Come spring 2016, a revised Pacific Surfliner schedule to get commuters to and from Santa Barbara during peak commute hours will likely begin for trains between Moorpark and Goleta, said State Sen. Hannah-Beth Jackson today. “[I]t makes so much sense,” the senator stated in the announcement. “It will alleviate gridlock, get people out of their cars, reduce greenhouse gases, and get people where they want to go faster. It will also be a significant way to reduce gridlock once they begin construction to widen Highway 101.”
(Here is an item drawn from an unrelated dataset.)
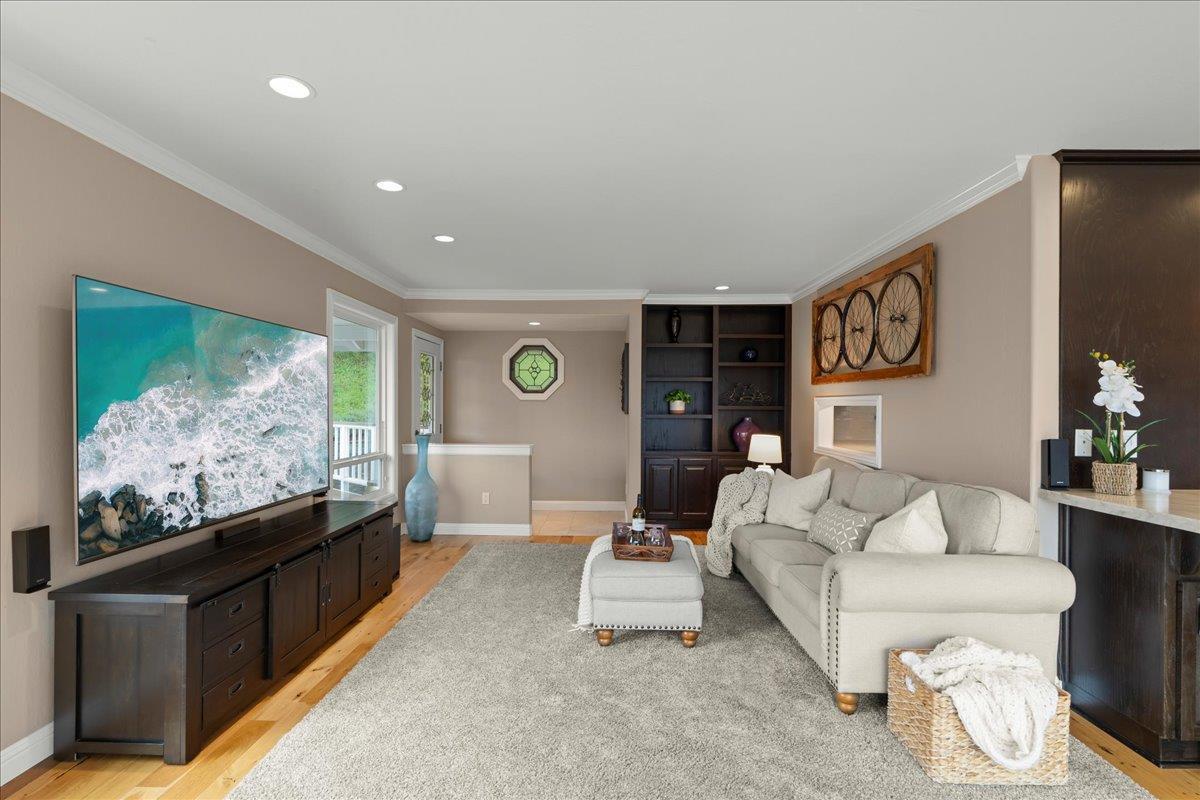 Detail Gallery Image 5 of 40 For 25400 Radonich Rd, Los Gatos,  CA 95033 - 3 Beds | 2/1 Baths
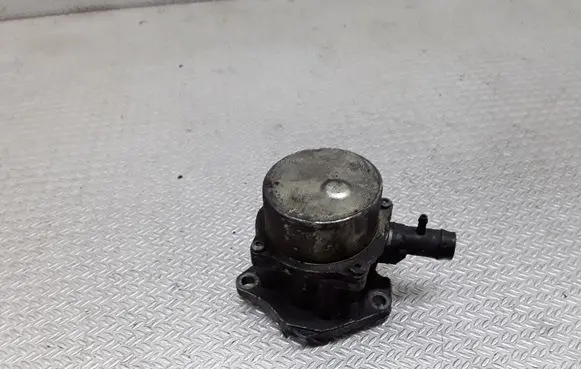 Renault Megane II Vacuum pump 8200577807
A start time of 6 a.m., arriving in Goleta by just before 8 a.m., is part of the game plan being worked out between Union Pacific, Metrolink, and Amtrak, as well as train storage improvements and funding. Stops are expected to be Moorpark, Camarillo, Oxnard, Ventura, Carpinteria, and Santa Barbara. The evening return times are in the works, and the trains should have WiFi and a dining car, and use newer, energy-conserving engines and cars.
“Getting a rail line in place for commuters along the Highway 101 corridor in Ventura and Santa Barbara counties has been a long-standing priority of mine,” Jackson said. She chairs the Senate Select Committee on Passenger Rail and been working with the Governor’s Office and the state Transportation Agency for many months to align train schedules with commuter needs. “I am very hopeful we will see a commuter train in our area beginning next spring.”
An earlier Santa Barbara County Association of Governments attempt to improve commuter rail service — 2008’s Measure A allocates $25 million for such improvements — bogged down because the 5 a.m. start time in Los Angeles interfered with Metrolink service through the San Fernando Valley. Problems also arose with sidings required by Union Pacific for dedicated commuter service between Ventura and Goleta. Jackson broke the logjam by driving home the suggestion that modifying the Pacific Surfliner schedule could avoid both conflicts.
Funding for the improvements exists in last year’s state budget, which included $25 million in cap-and-trade income for state transit and intercity rail projects, with Jackson’s support. She also helped achieve continuing revenue for such projects of a 10 percent share of total cap-and-trade revenue for each succeeding year.
The cap-and-trade program, formed to reduce the state’s greenhouse gas (GHG) emissions, made $532 million in the quarterly auction of credits in 2012-2013. That revenue — expected to be in the billions by 2020 — derives from the buying and selling of industry credits established by the state Air Resources Board and covering about 85 percent of industries producing GHGs. Some credits go to companies for free, some are placed in reserve, and some are sold, but the ceiling descends over time to ultimately reduce GHGs produced in California. In the program, companies producing fewer GHGs than allowed by the Air Resources Board may sell their credits, and those producing more may buy them at auction. On the receiving end, cap-and-trade funds transportation, energy, community development, lands, and waste treatment projects that promote lessening greenhouse gases.
Sen. Jackson’s larger goal is to have two trains run during rush hour between Ventura County through to San Luis Obispo County, though the issue remains of Union Pacific sidings that would need to be constructed. “This first train is an important first step, but I plan to keep working hard on this,” Jackson asserted. “Getting viable commuter rail in our area has enormous, positive implications for our quality of life and the economic future of our region.”